Magnitsky was a Russian lawyer who, after exposing a $230 million tax fraud in Russia, was imprisoned on charges that he, himself, participated in the fraud. He died in Russian custody in 2009.
Russia's response to the Canadian legislation was similar to its opposition to two US laws. The US Congress in 2012 passed the Magnitsky Human Rights Accountability Act specifically sanctioning Russians held responsible for his death. Last year it named a broad anti-corruption sanctions act, the Global Magnitsky Act, after him. Natalia Veselnitskaya, the Russian lawyer who met with Donald Trump Jr. and Paul Manafort in June 2016, has been active in Russia's lobbying against the US laws.
"The Russian Embassy in Ottawa has spoken out against Bill S-226," said James Bezan, the member of Canada's House of Commons who introduced the bill in that chamber. "However, the Bill has been supported by Canadians across the country and has been championed by Canadians including the diaspora of Ukrainian, Russian, Vietnamese, Chinese, and Iranian [descent]."
S-226 passed the Canadian Senate in April. It was recently reported favorably by a House of Commons committee and is due for its final reading in the House of Commons later this year. If it passes its third reading, the Senate would take it up again to resolve amendments.
The Canadian bill's provisions track those of the US Global Magnitsky Act. In Canada, the government would determine whether a foreign official of any nation has engaged in significant acts of corruption or has violated internationally recognized human rights. Upon such a finding, the government would ban transactions from the country's financial system and deny sanctioned persons entry into Canada.
The US Global Magnitsky Act does the same in the US for foreign officials whom the president has designated as being in violation of the act.

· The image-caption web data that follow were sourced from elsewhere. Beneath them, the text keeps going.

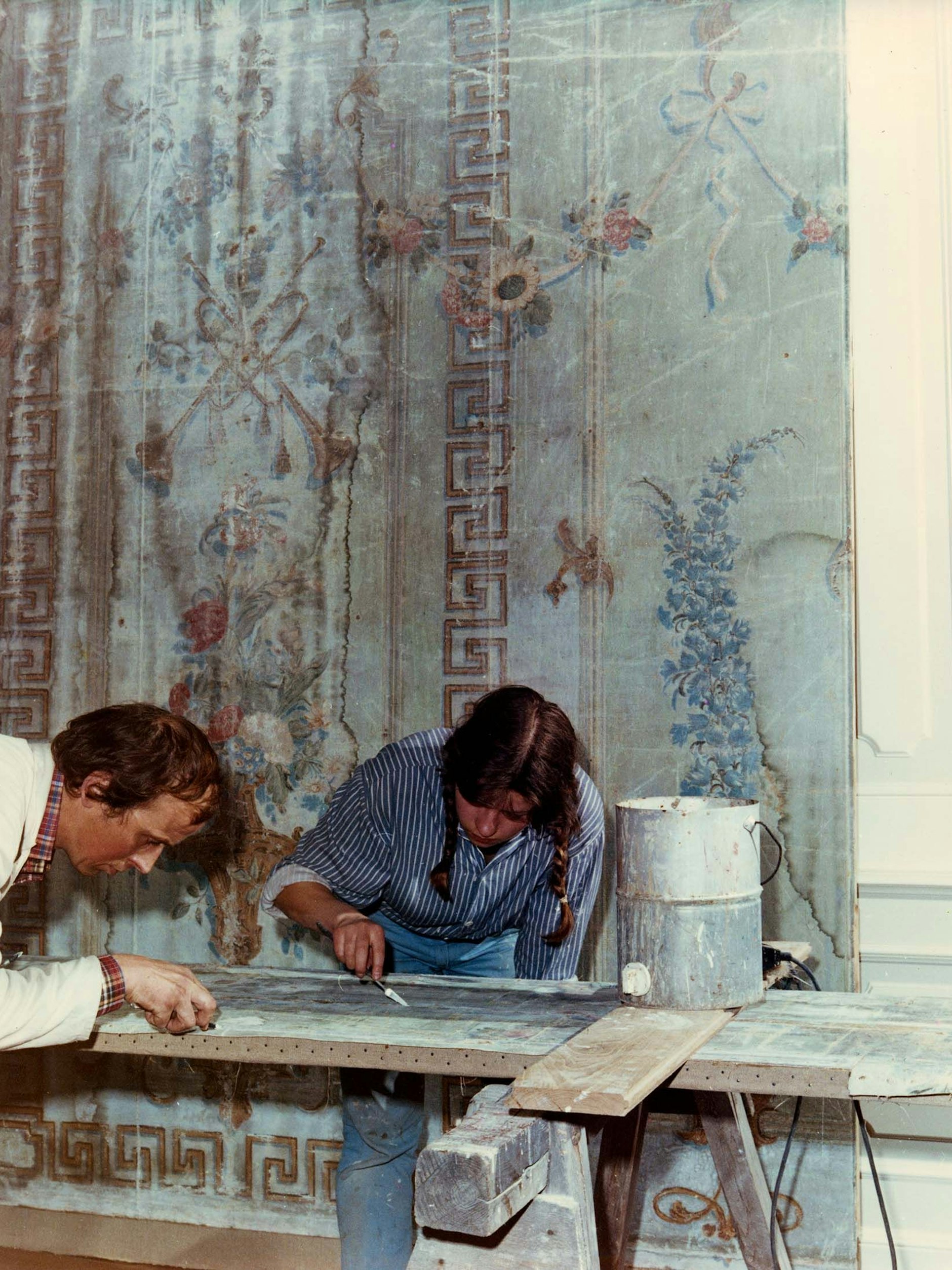 Um den Gästen einen Eindruck des Originalschlosses zu geben wurden Wandbespannungen aus anderen Schlössern im Schloss Friedrichsfelde eingesetzt. Zuvor müssen sie aufwendig restauriert werden.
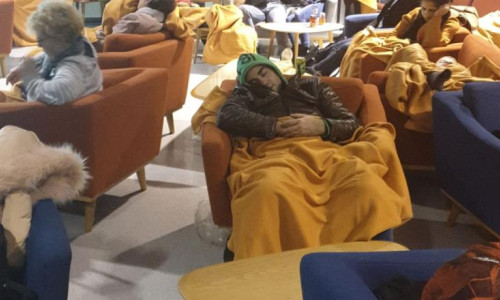 Pasageri dorm în aeroportul din Liege, Belgia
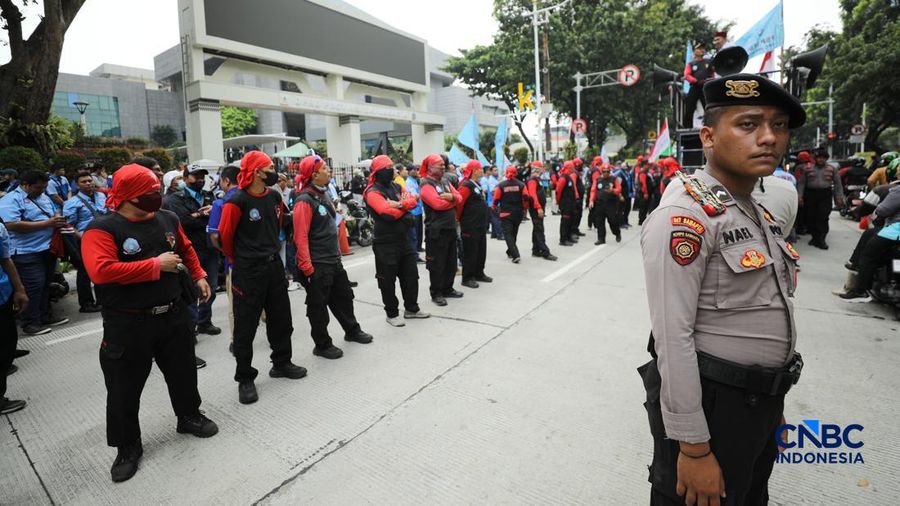 Aliansi pekerja nan tergabung dalam Koalisi Besar Perjuangan Buruh Indonesia (KBPBI) menggelar tindakan unjuk rasa di depan Gedung DPRD DKI Jakarta, Jalan Kebon Sirih, Menteng, Jakarta, Kamis (10/9/2026).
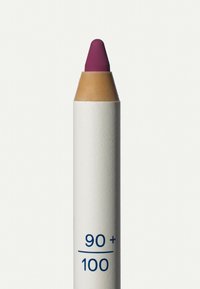 Huulikynä, jossa on kapea, mattapintainen violetti kärki ja beige kuori. Kuoren pinnassa on sinisellä tekstillä merkinnät "90+" ja "100".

The Trump administration this spring sent Congress an interim report under the new Global Magnitsky Act, but no sanctions were reported. US annual reports, due each Dec. 10 on United Nations "Human Rights Day," will disclose who has been sanctioned.
The Canadian bill also requires an annual report to Parliament, though the date is not specified, and also says that lawmakers are to be notified within 15 days after the issuance of an order sanctioning a corrupt official.
Another difference between the US Global Magnitsky Act and the Canadian proposal is that the US law specifically authorizes high ranking members of certain Congressional committees to recommend names of foreign officials and their associates whom they believe to be eligible for sanctions, and requires the executive branch to report back to the legislators on the status of those recommendations.
The US Departments of State, Treasury and Justice are developing standards under which each will review information and contribute to designation decisions, a government official told MLex. The US government would be open to information from any source, but that the bar for imposing sanctions would be high, the official said, and more weight would be given to information that is independently verifiable and that comes from multiple sources.
Recurring acts of corruption would more likely draw sanctions than isolated cases, the official said. The focus would be on cases of corruption that have occurred in the last three to five years.
Dedicated e-mail addresses have been set up to provide information: firstname.lastname@example.org for the State Department and email@example.com for the Treasury Department.
The administration has met with civil society groups to discuss how they could put forward information. At least one major non-governmental organization engaged in anticorruption work is waiting to see how the law will play out.
"It remains to be seen what the government means by 'significant corruption,' " said Stefanie Ostfeld, deputy head of the US office of Global Witness, an anticorruption NGO.
Global Witness frequently issues reports on corruption, particularly in resource-rich countries with poor populations. These reports, such as a recent one on Nigerian oil sector corruption, may provide evidence that would inform the process of designating an official for sanctions, Ostfeld said, but added the State Department would want to do its own verification of any information it receives.